Since each hash bucket (hash buckets) gI is mapped to ZK. Function H1 is a hash function of a common hash policy. Function H2 is used to determine the hash bucket in the linked list.

(1) store a hash bucket GI (v) = (x1 ,..., XK), actually only H2 (x1 ,..., instead of storing the entire vector (x1 ,..., XK), so a hash bucket GI (v) = (x1 ,..., XK) Only the identifier fingerprint H2 (x1 ,..., XK) and the vertex in the hash bucket.

(2) Use the hash function H2 instead of storing GI (v) = (x1 ,..., there are two reasons for the XK value: first, H2 (x1 ,..., XK) The created fingerprint can greatly reduce the storage space of the hash bucket. Secondly, the fingerprint value can be used to retrieve the hash bucket in the hash table more quickly. By selecting a value that is large enough with a high probability, we can ensure that there are different H2 fingerprint values in two different hash buckets in a linked list.


4. Deficiencies and Defects

The lsh method has two shortcomings: first, the typical index encoding result based on the probability model is unstable. Although the number of encoding digits increases, the query accuracy is indeed very slow. Second, a large amount of storage space is required, which is not suitable for indexing large-scale data. The goal of the e2lsh method is to ensure the accuracy and full query rate of the query results, regardless of the size of the storage space required by the index structure. E2lsh uses multiple index spaces and multiple hash table queries. The size of the generated index file is dozens or even hundreds of times the size of the original data.

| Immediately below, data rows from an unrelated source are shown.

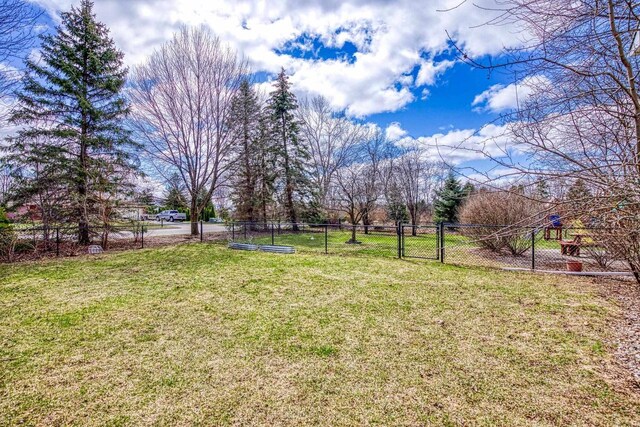 101 Brookview Pl, Combined Locks, WI 54113 - view of yard featuring a gate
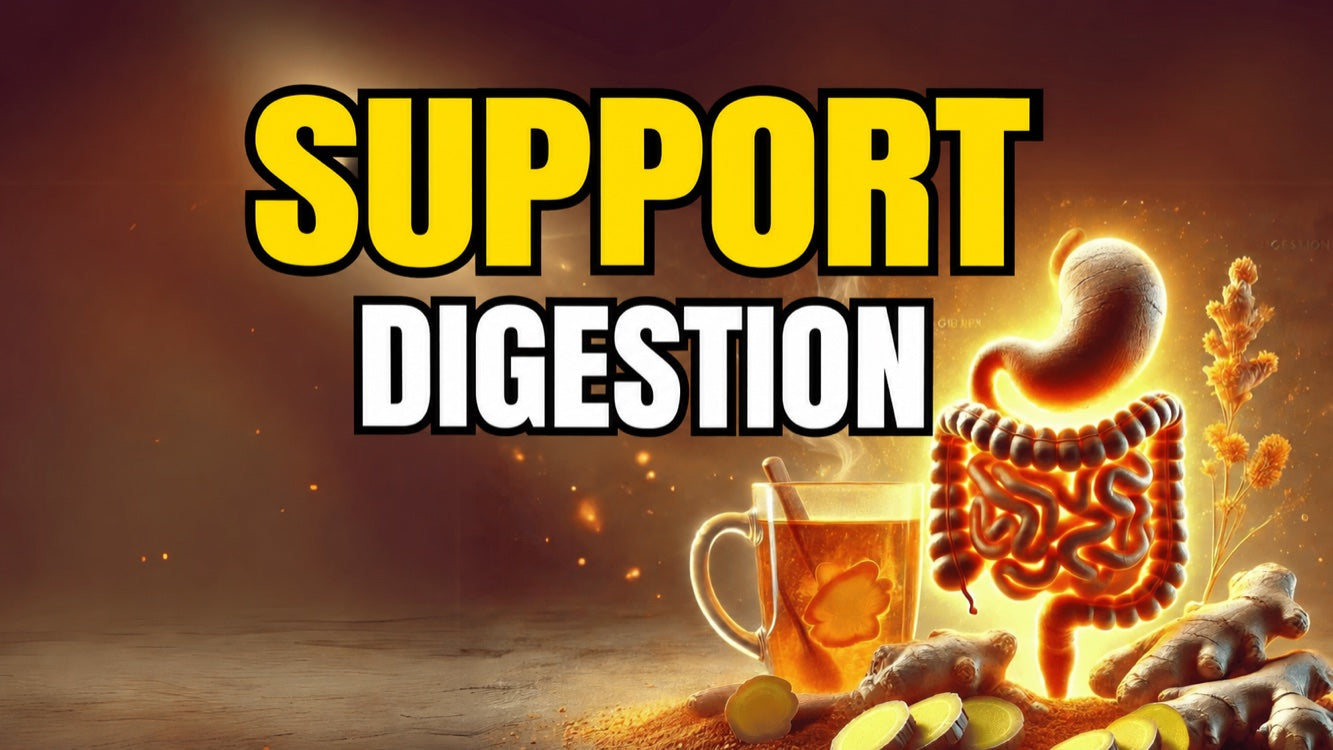 Ginger & digestion: help with stomach and intestinal complaints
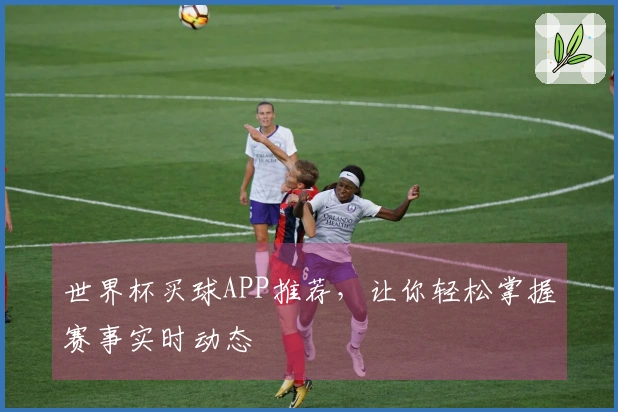 世界杯买球APP推荐，让你轻松掌握赛事实时动态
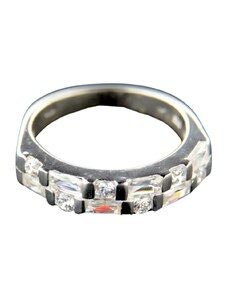 AMIATEX Stříbrný prsten 34656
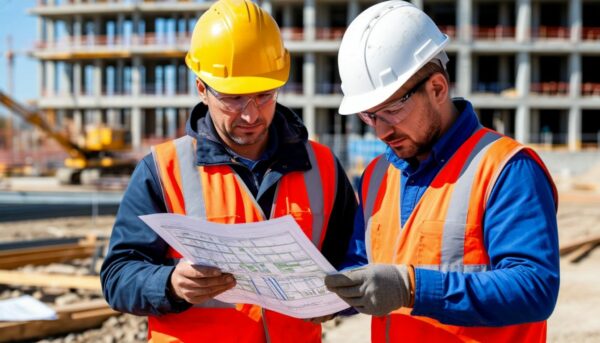 Полиграфия для строительной компании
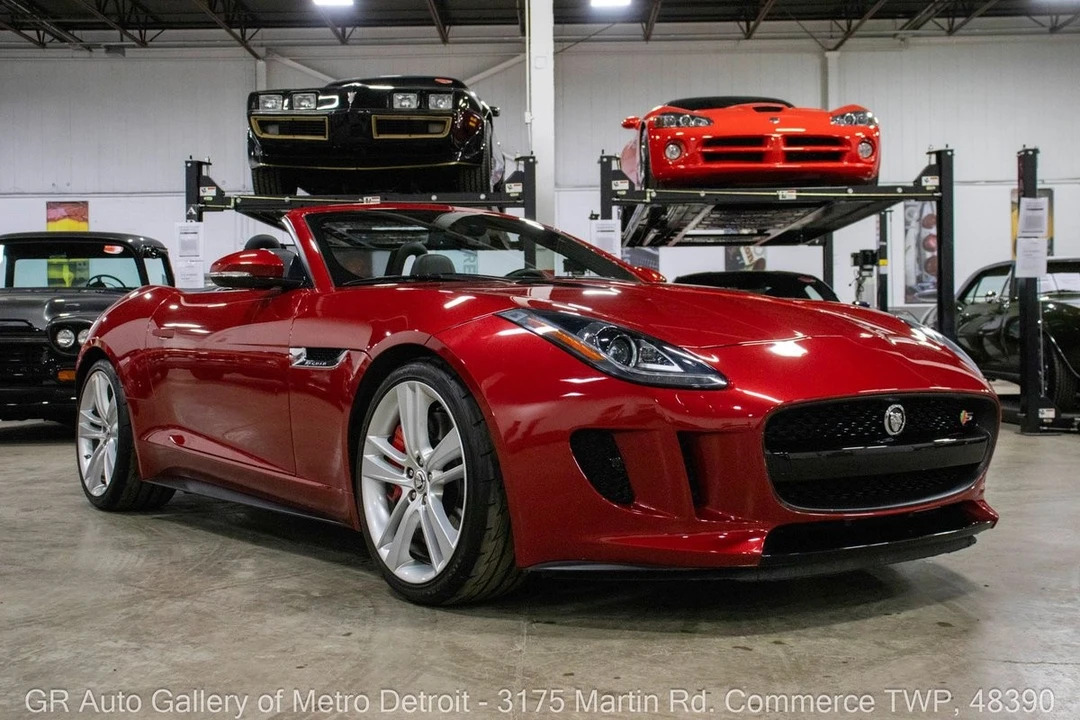 2014 Jaguar F-Type 1st Gen - Image 11 of 21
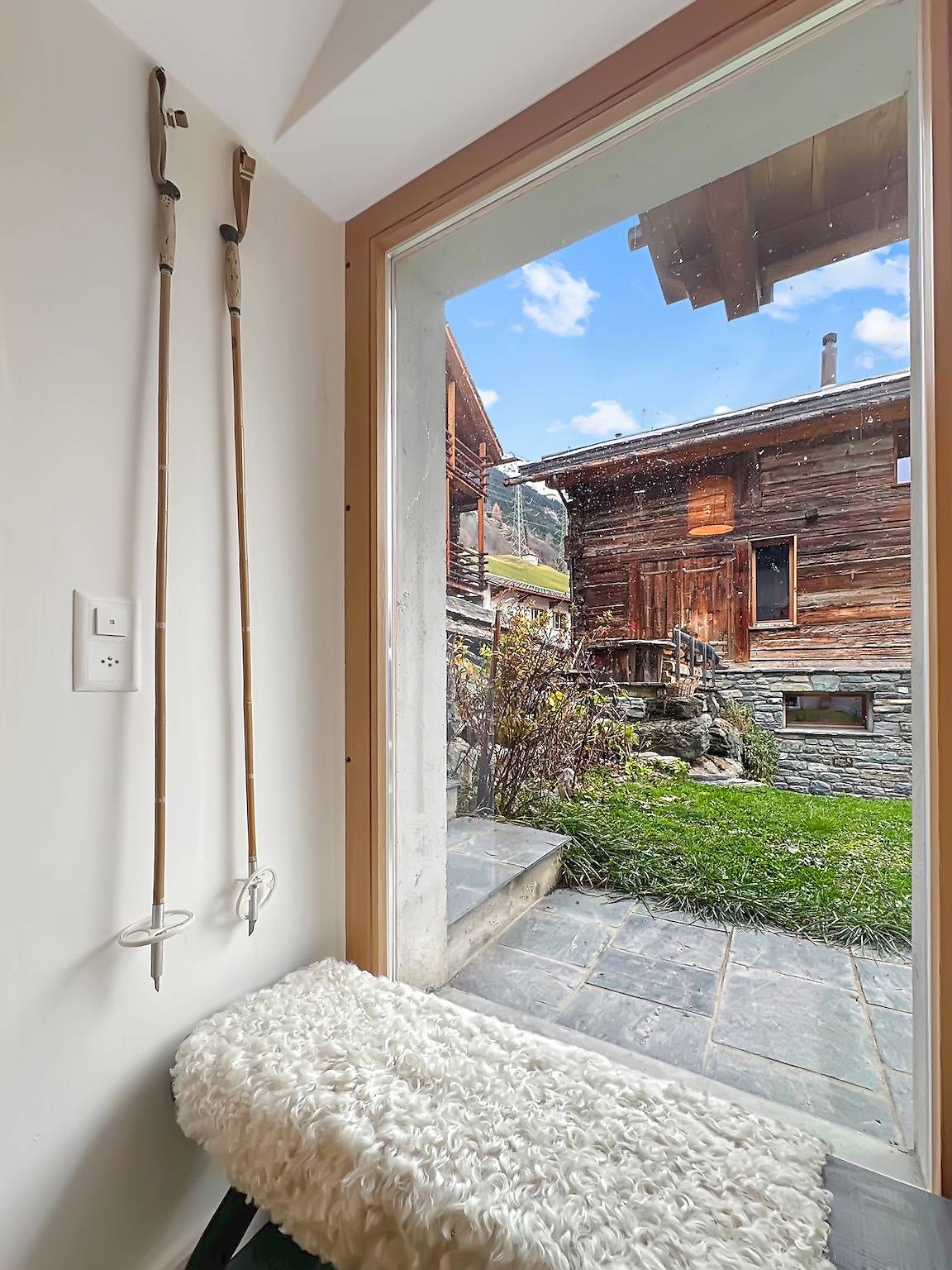 Geheel appartement, Perfect Lodge 10 mns from Verbier - 4 Valleys . Sw in Versegères, Bagnes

Reprinted please indicate the author and Article Source: http://blog.csdn.net/jasonding1354/article/details/38237353


References:

1. Wang xule. Research on the content-based image retrieval system's high-dimension Indexing Technology [D]. Huazhong University of Science and Technology. 2008

2. M. DATAR, N. immorlica, P. indyk, and V. mirrokni, "locality-sensitivehashing Scheme Based on p-stable distributions," Proc. Symp. computationalgeometry, 2004.

3. A. Andoni, "Nearest Neighbor Search: the old, thenew, And the impossible", PhD Dissertation, MIT, 2009.

4. A. Andoni, P. indyk. e2lsh: exact Euclidean locality-sensitive hashing. http://web.mit.edu/andoni/www/LSH/.2004.

Contact Us

The content source of this page is from Internet, which doesn't represent Alibaba Cloud's opinion; products and services mentioned on that page don't have any relationship with Alibaba Cloud. If the content of the page makes you feel confusing, please write us an email, we will handle the problem within 5 days after receiving your email.

If you find any instances of plagiarism from the community, please send an email to: info-contact@alibabacloud.com and provide relevant evidence. A staff member will contact you within 5 working days.

A Free Trial That Lets You Build Big!

Start building with 50+ products and up to 12 months usage for Elastic Compute Service

  • Sales Support

    1 on 1 presale consultation

  • After-Sales Support

    24/7 Technical Support 6 Free Tickets per Quarter Faster Response

  • Alibaba Cloud offers highly flexible support services tailored to meet your exact needs.